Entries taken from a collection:
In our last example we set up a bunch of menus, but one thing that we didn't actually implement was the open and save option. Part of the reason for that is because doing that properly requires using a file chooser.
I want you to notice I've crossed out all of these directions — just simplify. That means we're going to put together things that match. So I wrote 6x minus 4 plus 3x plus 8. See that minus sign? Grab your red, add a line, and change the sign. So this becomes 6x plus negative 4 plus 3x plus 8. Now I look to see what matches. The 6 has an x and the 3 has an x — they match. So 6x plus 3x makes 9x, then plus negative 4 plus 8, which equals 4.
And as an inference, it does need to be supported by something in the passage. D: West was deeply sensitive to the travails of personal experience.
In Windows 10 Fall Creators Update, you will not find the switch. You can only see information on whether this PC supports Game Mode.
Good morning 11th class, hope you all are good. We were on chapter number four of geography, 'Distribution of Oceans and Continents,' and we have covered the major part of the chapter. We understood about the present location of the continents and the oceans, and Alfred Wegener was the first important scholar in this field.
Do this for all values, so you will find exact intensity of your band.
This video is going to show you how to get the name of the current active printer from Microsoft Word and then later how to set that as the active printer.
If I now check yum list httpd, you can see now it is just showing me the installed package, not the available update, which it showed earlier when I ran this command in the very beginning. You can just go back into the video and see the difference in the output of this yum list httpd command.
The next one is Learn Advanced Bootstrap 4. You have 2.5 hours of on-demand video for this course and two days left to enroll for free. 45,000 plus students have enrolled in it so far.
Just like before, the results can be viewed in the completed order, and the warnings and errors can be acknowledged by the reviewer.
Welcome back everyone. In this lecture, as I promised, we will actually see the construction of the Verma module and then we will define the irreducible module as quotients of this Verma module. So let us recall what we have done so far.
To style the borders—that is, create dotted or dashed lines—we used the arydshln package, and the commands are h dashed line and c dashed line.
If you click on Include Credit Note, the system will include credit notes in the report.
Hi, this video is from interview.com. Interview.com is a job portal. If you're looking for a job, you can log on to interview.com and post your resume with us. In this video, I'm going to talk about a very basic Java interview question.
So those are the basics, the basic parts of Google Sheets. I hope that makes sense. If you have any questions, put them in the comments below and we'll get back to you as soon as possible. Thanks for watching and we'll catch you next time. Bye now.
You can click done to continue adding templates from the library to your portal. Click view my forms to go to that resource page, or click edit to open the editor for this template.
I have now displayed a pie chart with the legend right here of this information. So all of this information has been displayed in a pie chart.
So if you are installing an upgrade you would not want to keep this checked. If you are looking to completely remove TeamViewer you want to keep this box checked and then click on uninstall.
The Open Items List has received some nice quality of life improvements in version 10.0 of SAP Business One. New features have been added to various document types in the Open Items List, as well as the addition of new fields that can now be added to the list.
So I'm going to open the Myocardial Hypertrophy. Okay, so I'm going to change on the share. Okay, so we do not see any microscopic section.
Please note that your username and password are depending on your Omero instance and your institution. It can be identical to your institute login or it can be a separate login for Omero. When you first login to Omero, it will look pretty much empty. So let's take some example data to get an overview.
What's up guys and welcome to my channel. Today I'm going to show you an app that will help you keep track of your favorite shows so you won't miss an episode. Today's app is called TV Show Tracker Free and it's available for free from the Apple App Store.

● **THE PROBLEM**: For this task, write out exactly the lines of the entries above, starting at the line with "If you click" and ending at the line with "I have now displayed", both included, and no others.

● **ANSWER BOX**:
If you click on Include Credit Note, the system will include credit notes in the report.
Hi, this video is from interview.com. Interview.com is a job portal. If you're looking for a job, you can log on to interview.com and post your resume with us. In this video, I'm going to talk about a very basic Java interview question.
So those are the basics, the basic parts of Google Sheets. I hope that makes sense. If you have any questions, put them in the comments below and we'll get back to you as soon as possible. Thanks for watching and we'll catch you next time. Bye now.
You can click done to continue adding templates from the library to your portal. Click view my forms to go to that resource page, or click edit to open the editor for this template.
I have now displayed a pie chart with the legend right here of this information. So all of this information has been displayed in a pie chart.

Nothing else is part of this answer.